I doubt. With storage same data can be read twice. Socket recv consumes
data. Locking a buffer over the duration of another IO doesn't really sound
plausible, same we returning a buffer back. It'd be different if you can
read the buffer into the userspace if something goes wrong, but perhaps
you remember the fused discussion.
Ming Lei April 30, 2024, 3:03 a.m. UTC | #11
On Mon, Apr 29, 2024 at 04:32:35PM +0100, Pavel Begunkov wrote:
> On 4/23/24 14:08, Kevin Wolf wrote:
> > Am 22.04.2024 um 20:27 hat Jens Axboe geschrieben:
> > > On 4/7/24 7:03 PM, Ming Lei wrote:
> > > > SQE group is defined as one chain of SQEs starting with the first sqe that
> > > > has IOSQE_EXT_SQE_GROUP set, and ending with the first subsequent sqe that
> > > > doesn't have it set, and it is similar with chain of linked sqes.
> > > > 
> > > > The 1st SQE is group leader, and the other SQEs are group member. The group
> > > > leader is always freed after all members are completed. Group members
> > > > aren't submitted until the group leader is completed, and there isn't any
> > > > dependency among group members, and IOSQE_IO_LINK can't be set for group
> > > > members, same with IOSQE_IO_DRAIN.
> > > > 
> > > > Typically the group leader provides or makes resource, and the other members
> > > > consume the resource, such as scenario of multiple backup, the 1st SQE is to
> > > > read data from source file into fixed buffer, the other SQEs write data from
> > > > the same buffer into other destination files. SQE group provides very
> > > > efficient way to complete this task: 1) fs write SQEs and fs read SQE can be
> > > > submitted in single syscall, no need to submit fs read SQE first, and wait
> > > > until read SQE is completed, 2) no need to link all write SQEs together, then
> > > > write SQEs can be submitted to files concurrently. Meantime application is
> > > > simplified a lot in this way.
> > > > 
> > > > Another use case is to for supporting generic device zero copy:
> > > > 
> > > > - the lead SQE is for providing device buffer, which is owned by device or
> > > >    kernel, can't be cross userspace, otherwise easy to cause leak for devil
> > > >    application or panic
> > > > 
> > > > - member SQEs reads or writes concurrently against the buffer provided by lead
> > > >    SQE
> > > 
> > > In concept, this looks very similar to "sqe bundles" that I played with
> > > in the past:
> > > 
> > > https://git.kernel.dk/cgit/linux/log/?h=io_uring-bundle
> > > 
> > > Didn't look too closely yet at the implementation, but in spirit it's
> > > about the same in that the first entry is processed first, and there's
> > > no ordering implied between the test of the members of the bundle /
> > > group.
> > 
> > When I first read this patch, I wondered if it wouldn't make sense to
> > allow linking a group with subsequent requests, e.g. first having a few
> > requests that run in parallel and once all of them have completed
> > continue with the next linked one sequentially.
> > 
> > For SQE bundles, you reused the LINK flag, which doesn't easily allow
> > this. Ming's patch uses a new flag for groups, so the interface would be
> > more obvious, you simply set the LINK flag on the last member of the
> > group (or on the leader, doesn't really matter). Of course, this doesn't
> > mean it has to be implemented now, but there is a clear way forward if
> > it's wanted.
> 
> Putting zc aside, links, graphs, groups, it all sounds interesting in
> concept but let's not fool anyone, all the different ordering
> relationships between requests proved to be a bad idea.

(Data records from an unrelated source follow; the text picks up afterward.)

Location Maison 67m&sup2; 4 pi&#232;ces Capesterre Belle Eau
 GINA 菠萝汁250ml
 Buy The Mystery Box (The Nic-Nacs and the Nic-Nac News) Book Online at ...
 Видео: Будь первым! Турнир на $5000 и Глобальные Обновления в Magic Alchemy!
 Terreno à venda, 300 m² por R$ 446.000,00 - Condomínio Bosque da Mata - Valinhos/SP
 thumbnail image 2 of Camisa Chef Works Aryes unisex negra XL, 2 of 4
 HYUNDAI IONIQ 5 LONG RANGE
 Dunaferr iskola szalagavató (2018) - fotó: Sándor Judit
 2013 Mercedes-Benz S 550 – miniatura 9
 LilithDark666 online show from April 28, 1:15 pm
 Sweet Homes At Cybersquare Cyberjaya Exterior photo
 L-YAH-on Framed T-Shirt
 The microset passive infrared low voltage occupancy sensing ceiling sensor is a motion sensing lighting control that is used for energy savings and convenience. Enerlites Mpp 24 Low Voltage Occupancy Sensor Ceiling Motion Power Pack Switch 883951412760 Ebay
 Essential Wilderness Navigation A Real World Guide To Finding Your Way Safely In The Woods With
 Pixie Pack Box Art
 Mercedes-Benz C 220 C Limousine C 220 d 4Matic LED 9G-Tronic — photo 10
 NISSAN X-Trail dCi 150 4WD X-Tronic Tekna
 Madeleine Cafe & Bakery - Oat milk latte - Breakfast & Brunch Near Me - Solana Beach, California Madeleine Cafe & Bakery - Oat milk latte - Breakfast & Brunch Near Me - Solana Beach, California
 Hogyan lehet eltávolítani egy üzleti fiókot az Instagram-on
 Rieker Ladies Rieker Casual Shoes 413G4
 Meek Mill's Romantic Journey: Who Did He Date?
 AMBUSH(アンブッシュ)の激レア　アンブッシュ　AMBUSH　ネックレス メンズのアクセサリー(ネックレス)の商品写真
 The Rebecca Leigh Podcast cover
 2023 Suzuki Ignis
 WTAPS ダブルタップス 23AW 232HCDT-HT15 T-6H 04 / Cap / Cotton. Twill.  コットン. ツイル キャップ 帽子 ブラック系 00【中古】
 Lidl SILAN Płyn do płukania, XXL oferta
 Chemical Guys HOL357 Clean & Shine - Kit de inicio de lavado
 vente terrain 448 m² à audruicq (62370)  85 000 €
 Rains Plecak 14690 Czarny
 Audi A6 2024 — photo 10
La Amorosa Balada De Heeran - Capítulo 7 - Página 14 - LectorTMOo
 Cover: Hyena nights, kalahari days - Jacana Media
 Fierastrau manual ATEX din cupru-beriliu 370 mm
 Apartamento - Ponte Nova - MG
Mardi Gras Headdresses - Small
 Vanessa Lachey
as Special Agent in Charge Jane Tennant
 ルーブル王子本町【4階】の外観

As Jens mentioned, sqe group is very similar with bundle:

https://git.kernel.org/pub/scm/linux/kernel/git/axboe/linux-block.git/log/?h=io_uring-bundle

which is really something io_uring is missing.

> 
> I can complaint for long, error handling is miserable, user handling
> resubmitting a part of a link is horrible, the concept of errors is
> hard coded (time to appreciate "beautifulness" of IOSQE_IO_HARDLINK
> and the MSG_WAITALL workaround). The handling and workarounds are
> leaking into generic paths, e.g. we can't init files when it's the most
> convenient. For cancellation we're walking links, which need more care
> than just looking at a request (is cancellation by user_data of a
> "linked" to a group request even supported?). The list goes on

Only the group leader is linked, if the group leader is canceled, all
requests in the whole group will be canceled.

But yes, cancelling by user_data for group members can't be supported,
and it can be documented clearly, since user still can cancel the whole
group with group leader's user_data.

> 
> And what does it achieve? The infra has matured since early days,
> it saves user-kernel transitions at best but not context switching
> overhead, and not even that if you do wait(1) and happen to catch
> middle CQEs. And it disables LAZY_WAKE, so CQ side batching with
> timers and what not is effectively useless with links.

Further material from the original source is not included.